Otis Eastern also updated the cabin interior, changing out the dark leather and carpeting for a lighter color scheme while improving seat padding and sound proofing.
Texting and flying
The upgrade that’s made the most difference, Joyce said, is adding texting capability with Airtext.
“The number of hours we spent in the air without any communications was problematic,” he said. “We felt that Wi-Fi as it is priced today was more than what we wanted to spend. John and Scott looked into it and came up with the Airtext option.”
Here’s how it works: a small paperback book-sized, FAA-approved Airtext box weighing about 1 pound is installed on the airplane and connects to an existing iridium phone antenna. Up to 16 passengers on an aircraft can connect to the Airtext using Bluetooth Low Energy on their mobile phones. Passengers download the free Airtext mobile app and it allows them to send and receive text messages while on board.
“An internet add-on can be $150,000 and it has technical problems,” Terrasi said. “If someone on board is downloading a movie, nobody else can use the internet. Others might say, technology changes so much so let’s wait another year. In the meantime, we’ve been over here making communications for the past three years that are keeping us in business.”
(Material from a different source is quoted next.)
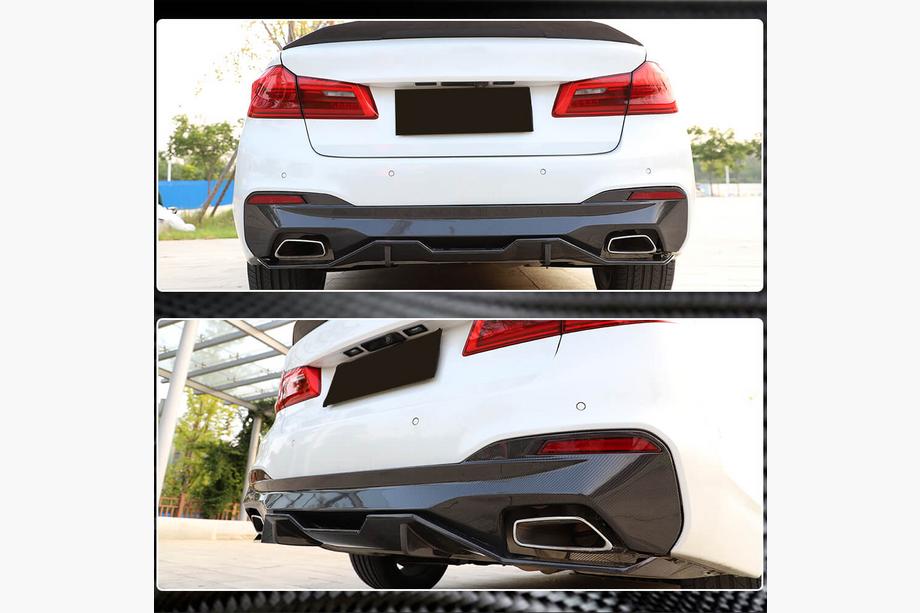 BMW 5-serie G30/G31 2017–2023 Bagkofangerdiffuser V4 (til M-Sport/M5 F90, carbon) Foto 17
According to airtext.aero, hardware costs begin at $9,750. There is also the cost of an avionics shop installing it, then an annual data plan of $300 per year for Iridium and Airtext network connection. That includes the first 1,000 text messages; additional messages are five cents each.
“It’s a phenomenal value for that price,” said Terrasi, who has purchased a portable Airtext unit that he moves among airplanes in his Luftladder charter operation. “It gets used all the time. A deal can be salvaged with a text and you won’t miss it because you were on the plane for two hours.”
Joyce said he’s already recouped the cost of adding Airtext by submitting bids from the air to meet a deadline, finding out midflight that the team needed to add a stop at another job site, redirecting the plane to assist in an emergency situation or staying in touch with sites that aren’t being visited in person that day.
“We’re able to talk in real time to all the projects while we’re on our way to one project site,” Joyce said. “Not only can we reach out, they can reach us while we are in the air up to four hours at a time. We can have decisions made in the air that we would previously have had to postpone until we got on the ground.”